Calidad institucional: el riesgo de la campaña permanente
La duplicación de las elecciones debido a las PASO y los extensos períodos dedicados al proselitismo roban tiempo y esfuerzos a la gestión de gobierno
Hay quienes han planteado que nuestro país debería modificar su sistema político-institucional para terminar con las elecciones cada dos años, llevando ese plazo a cuatro. El argumento es que comicios tan próximos unos de otros impiden una gestión de gobierno eficaz porque cada dos años, durante muchos meses, la atención queda centrada en el proselitismo electoral.
Con cada campaña se resienten la ejecución de las medidas necesarias para el desarrollo de la administración y la sanción de leyes claves, algunas, incluso, muy urgentes.
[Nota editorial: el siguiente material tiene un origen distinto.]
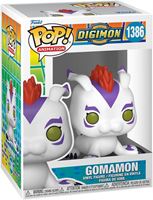 Foto de Digimon Figura POP! Animation Vinyl Gomamon 9 cm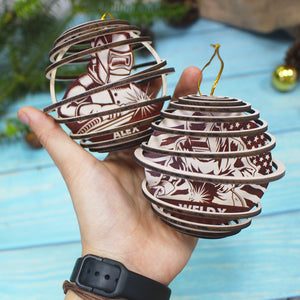 Welder Spiral Ornament, SORMHC, Personalized 3D Ornament - Ornament - GoDuckee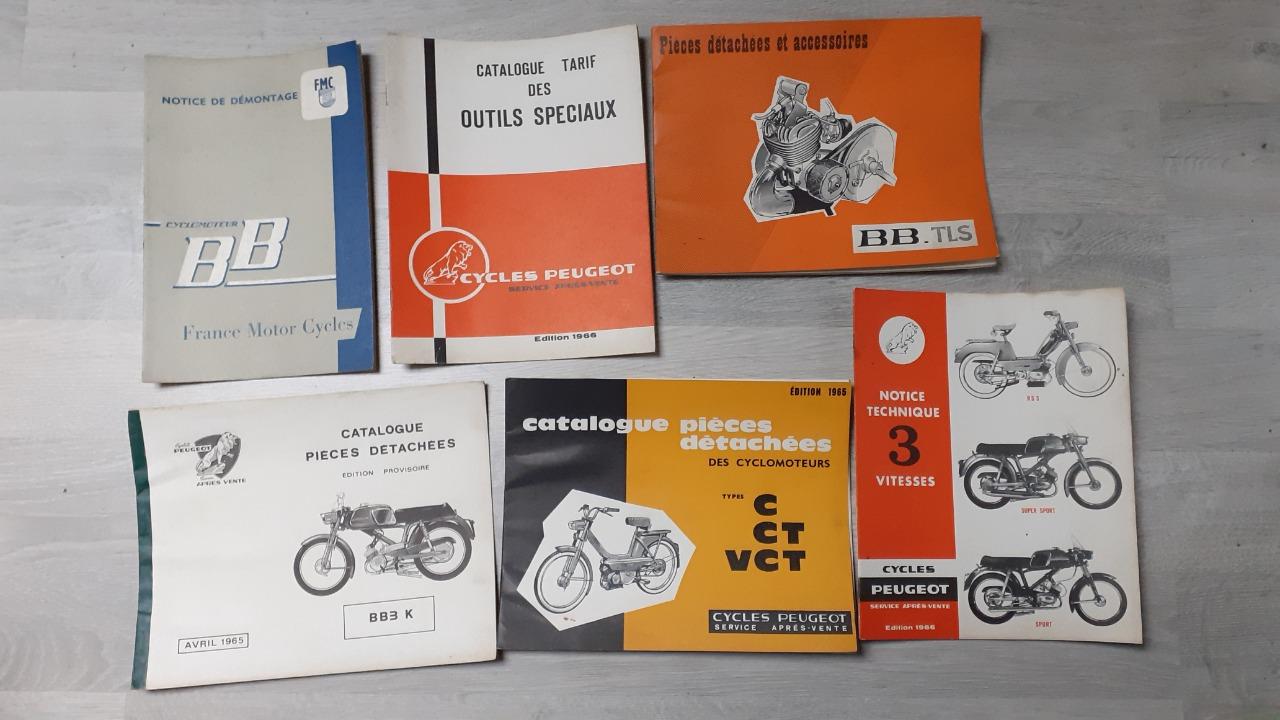 Peugeot cyclos, vélomoteurs cat pièces, Man r LesAnciennes.com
Todo queda subsumido en la pelea política por obtener o renovar un cargo.
Si en nuestro país las campañas duraran entre uno y dos meses, como sucede en la mayoría de las naciones del mundo desarrollado, las elecciones cada dos años no serían un problema. La cuestión es que se extienden cada vez más y a ello contribuyen, sin duda alguna, las PASO, que se realizan dos meses antes de cada comicio.
Solo para una elección legislativa como la de 2017, la campaña electoral duró seis meses, entre abril y octubre. En junio, se oficializaron las candidaturas, en agosto se votó en las PASO y en octubre tuvo lugar la elección nacional, pero ya desde abril la gestión de gobierno estuvo subordinada a la campaña.
En consecuencia, a fines del año pasado se asumió que 2018 sería el año de gobierno dedicado a las necesarias reformas que el país requiere y que 2019 iba a ser el de la nueva campaña electoral con vistas a las elecciones presidenciales de octubre de ese año, en la cual el presidente Macri buscaría ser reelegido.
Esta idea equivalía a asumir que recién en 2019 volvería la campaña con toda su fuerza. Como decíamos en nuestra edición de ayer, 2018 representa una oportunidad importante para avanzar en todo lo adeudado, precisamente por no ser un año electoral. Sin embargo, la situación ha empezado a replantearse en los últimos días, con el grave perjuicio que ello importa.
Lamentablemente, se ha abandonado el "reformismo permanente" anunciado tras el triunfo del oficialismo en la última elección. La reforma laboral, tal como fue concebida, quedó en suspenso, entre otras cuestiones, porque el Poder Ejecutivo desistió de convocar a sesiones extraordinarias del Congreso para el mes próximo.
La pérdida de imagen que sufrió el Gobierno con el paquete previsional -que ha sido un éxito en materia de gobernabilidad derivó en que reformas previstas inicialmente para 2018 se postergaran para un posible segundo mandato de Cambiemos.
Esta dilación implica hacer a un lado la estrategia de negociar con el peronismo dialoguista y los sindicatos para hacer viables las reformas en el Congreso, al que ya no se enviarán más proyectos conflictivos. Como opción, se utilizan decretos para realizar cambios parciales o puntuales. Es así como se firmó el decreto de necesidad y urgencia (DNU) para "desburocratizar" el Estado, se suspendió la paritaria docente y comenzaron a designarse embajadores por decreto.
Ese DNU enfrenta cuestionamientos constitucionales porque deroga o modifica decenas de leyes, precisamente cuando ha concluido la emergencia económica, que daba cierto margen al Poder Ejecutivo para utilizar decretos para determinadas competencias del Congreso.
Es claro que no existe ninguna urgencia para haber designado los embajadores en los Estados Unidos, Paraguay, Uruguay, Ecuador, Costa Rica y en la Aladi "en comisión", lo que contradice la Constitución, que exige para nombrarlos el acuerdo de dos tercios de los senadores presentes, como se requiere para la designación de determinados cargos en la Justicia y para ascensos en las Fuerzas Armadas.
La Argentina corre el riesgo de dedicar el bienio 2018-2019 a una suerte de campaña electoral permanente, postergando reformas ineludibles para el largo plazo.
Al dejar de lado al Congreso y la negociación para evitar conflictos se genera una situación política que desdibuja los esfuerzos y desplaza el diálogo como instrumento, diluyendo el objetivo de profundizar la transparencia y provocando un enorme daño a la calidad institucional.